AArch64: Add hp-timing.h

Message ID VE1PR08MB5599E9E405FE180BD3ACE2F283039@VE1PR08MB5599.eurprd08.prod.outlook.com
State Committed
Commit 6a34c928c2ac9fce926b1348d61dae34262e3f77
Headers
Series AArch64: Add hp-timing.h |

Checks

Context Check Description
dj/TryBot-apply_patch success Patch applied to master at the time it was sent
dj/TryBot-32bit success Build for i686

Commit Message

Wilco Dijkstra June 28, 2021, 10:11 a.m. UTC
  Add hp-timing.h using the cntcvt_el0 counter. Return timing in nanoseconds
so it is fully compatible with generic hp-timing. Don't set HP_TIMING_INLINE
in the dynamic linker since very old kernels may not handle cntcvt correctly.

---
  

Comments

Florian Weimer June 28, 2021, 10:20 a.m. UTC | #1
* Wilco Dijkstra via Libc-alpha:

> Add hp-timing.h using the cntcvt_el0 counter. Return timing in nanoseconds
> so it is fully compatible with generic hp-timing. Don't set HP_TIMING_INLINE
> in the dynamic linker since very old kernels may not handle cntcvt correctly.

Is the MSR called cntcvt_el0 or cntvct_el0?

I'm clearly missing something: If this is broken on some kernels, how is
this disabled?

Thanks,
Florian
  
Wilco Dijkstra June 28, 2021, 10:53 a.m. UTC | #2
Hi Florian,

> Is the MSR called cntcvt_el0 or cntvct_el0?

cntvct_el0 - it's just a random combination of characters!

> I'm clearly missing something: If this is broken on some kernels, how is
> this disabled?

It's not enabled just to be extremely conservative - however I don't believe
this is an issue in practice since it works fine even on the first AArch64 boards
and servers.

Cheers
Wilco
  
Florian Weimer June 28, 2021, 11:06 a.m.
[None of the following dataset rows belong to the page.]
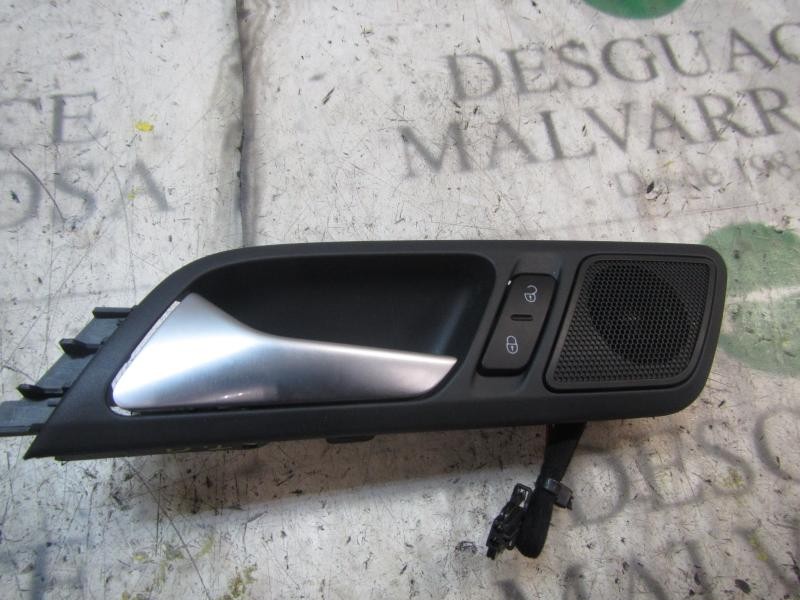 Recambio de maneta interior delantera izquierda para seat alhambra (710) reference referencia OEM IAM 7N1837113DUBN  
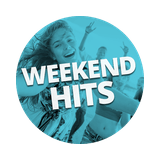 Logo Open FM / Weekend Hits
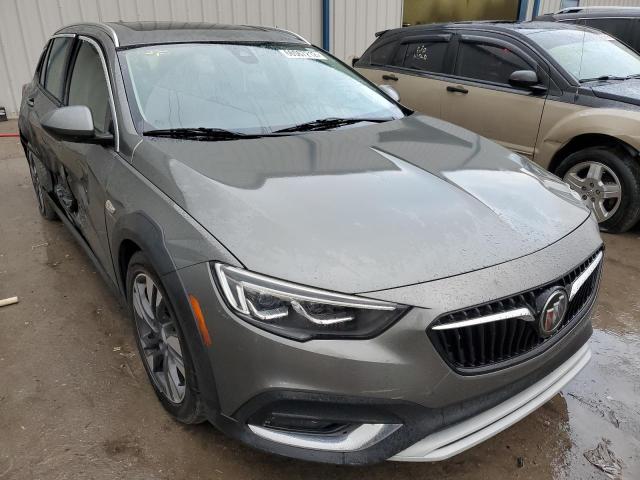 W04GV8SX2J1116699 - 2018 BUICK REGAL TOUR GRAY photo 1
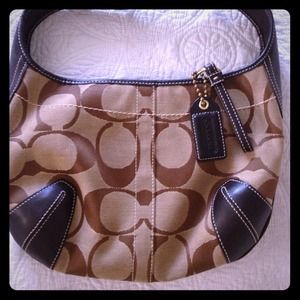 Authentic Coach purse. Price negotiable.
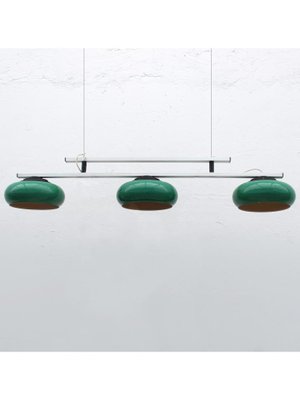 Billiard Ceiling Lamp, 1950-1960s-DDQ-1786236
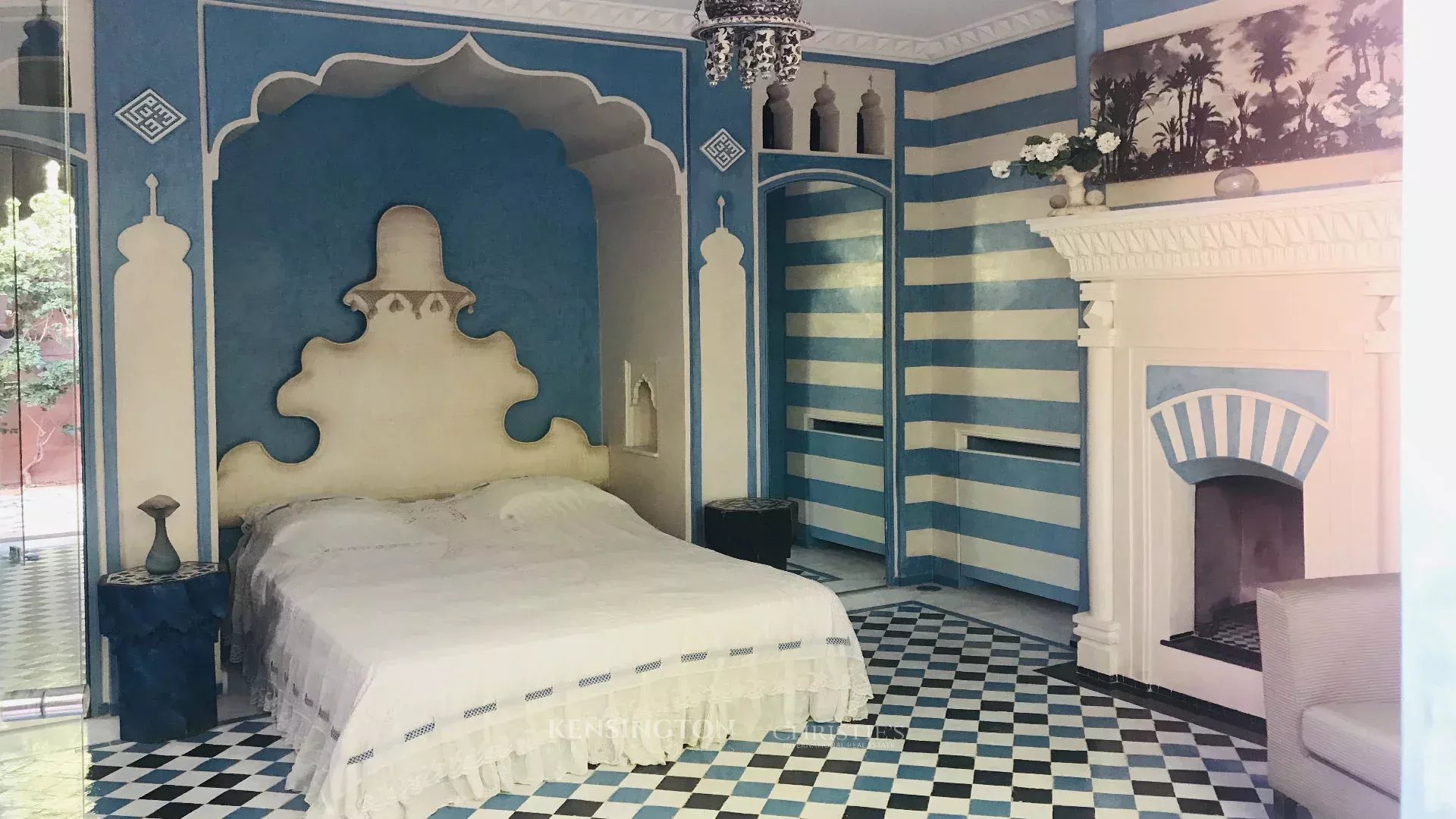 Villa Aslan And Ksar Aslan in Marrakech, Morocco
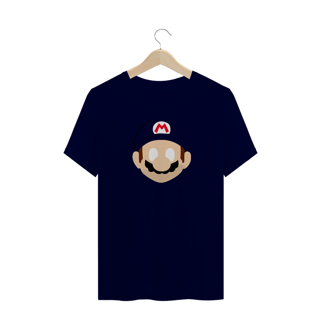 Nome do produto T-Shirt Busto Mario
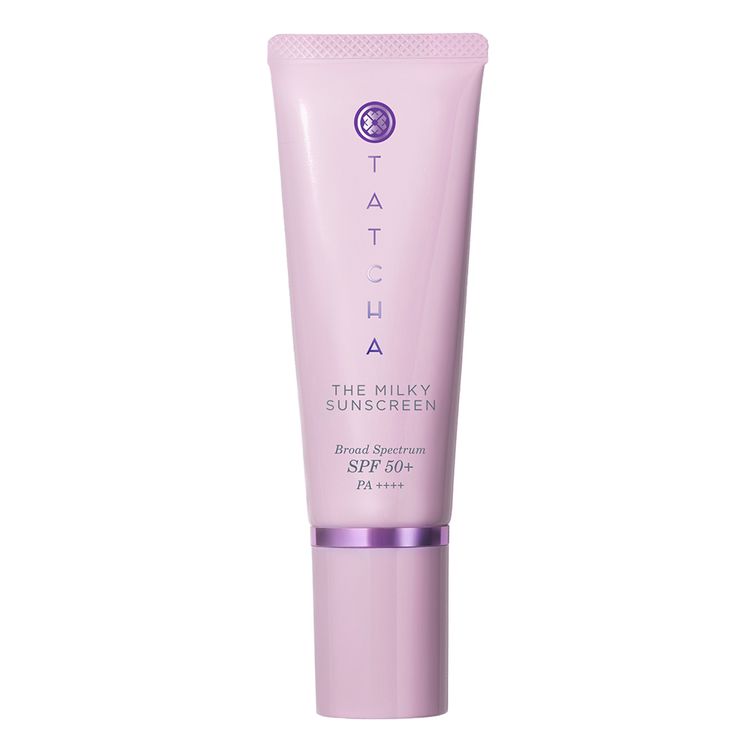 tatcha The Milky Sunscreen SPF 50+ PA++++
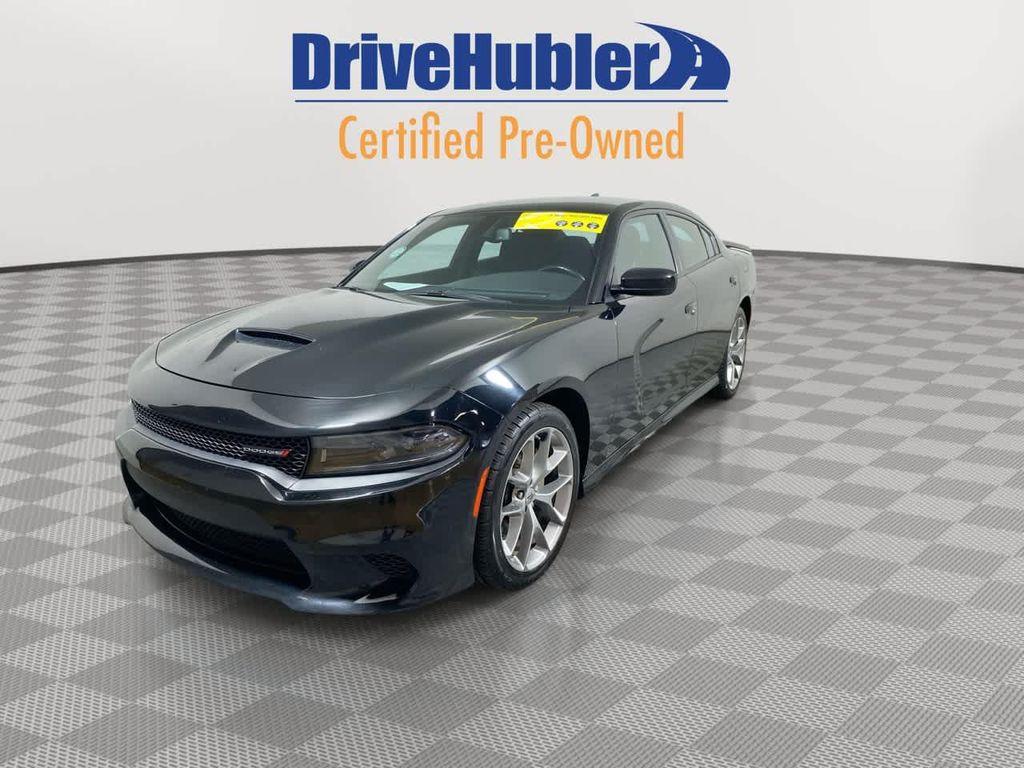 used 2023 Dodge Charger car, priced at $22,987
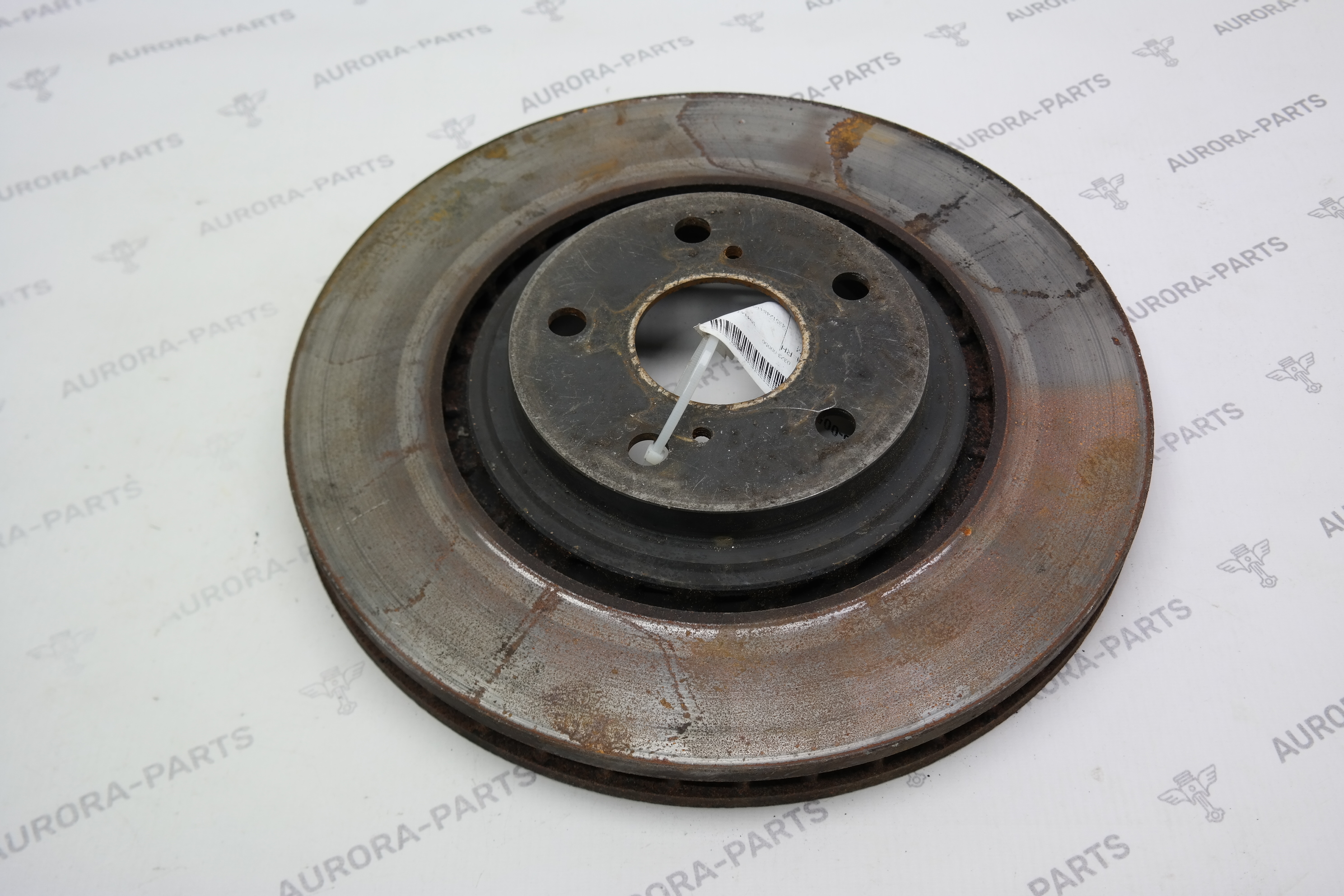 Диск тормозной передний LH=RH Lexus NX 200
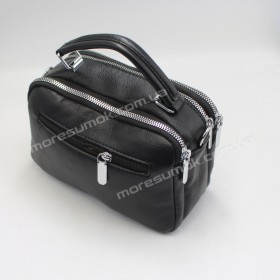 Сумки крос-боді 20105 black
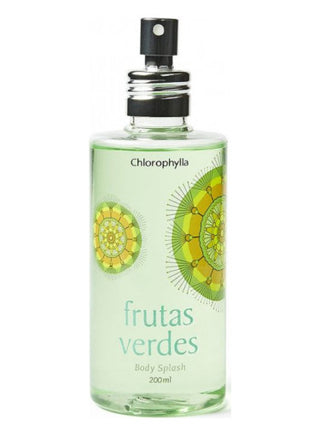 Frutas Verdes Chlorophylla Womens Perfume - Refreshing Green Fruity Scent | Buy Online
UTC | #3
* Wilco Dijkstra:

> Hi Florian,
>
>> Is the MSR called cntcvt_el0 or cntvct_el0?
>
> cntvct_el0 - it's just a random combination of characters!

Okay, then please fix the other occurence that is a typo.

>> I'm clearly missing something: If this is broken on some kernels, how is
>> this disabled?
>
> It's not enabled just to be extremely conservative - however I don't
> believe this is an issue in practice since it works fine even on the
> first AArch64 boards and servers.

I meant: How is this disabled in glibc on older kernels?  Or is this
code just dormant as of now?

Thanks,
Florian
  
Wilco Dijkstra June 28, 2021, 11:35 a.m. UTC | #4
Hi Florian,

> I meant: How is this disabled in glibc on older kernels?  Or is this
> code just dormant as of now?

As is, the timer is not used at all in the GLIBC installation - it is only used for timing
in benchtests. So if you somehow managed to install a new distro on an obsolete
kernel, then there still wouldn't be any issues.

Cheers,
Wilco
  
Florian Weimer June 28, 2021, 11:39 a.m. UTC | #5
* Wilco Dijkstra via Libc-alpha:

> Hi Florian,
>
>> I meant: How is this disabled in glibc on older kernels?  Or is this
>> code just dormant as of now?
>
> As is, the timer is not used at all in the GLIBC installation - it is
> only used for timing in benchtests. So if you somehow managed to
> install a new distro on an obsolete kernel, then there still wouldn't
> be any issues.

Ah, thanks, that is what I was missing.

Florian
  
Szabolcs Nagy June 28, 2021, 11:49 a.m. UTC | #6
The 06/28/2021 13:06, Florian Weimer wrote:
> * Wilco Dijkstra:
> > Hi Florian,
> >> Is the MSR called cntcvt_el0 or cntvct_el0?
> >
> > cntvct_el0 - it's just a random combination of characters!
> 
> Okay, then please fix the other occurence that is a typo.
> 
> >> I'm clearly missing something: If this is broken on some kernels, how is
> >> this disabled?
> >
> > It's not enabled just to be extremely conservative - however I don't
> > believe this is an issue in practice since it works fine even on the
> > first AArch64 boards and servers.
> 
> I meant: How is this disabled in glibc on older kernels?  Or is this
> code just dormant as of now?

iirc linux devs asked that it is only used in vdso so
that it is under the kernel's control in case there
are implementation issues (vdso is easy to disable
and on some system it got disabled for timer reasons).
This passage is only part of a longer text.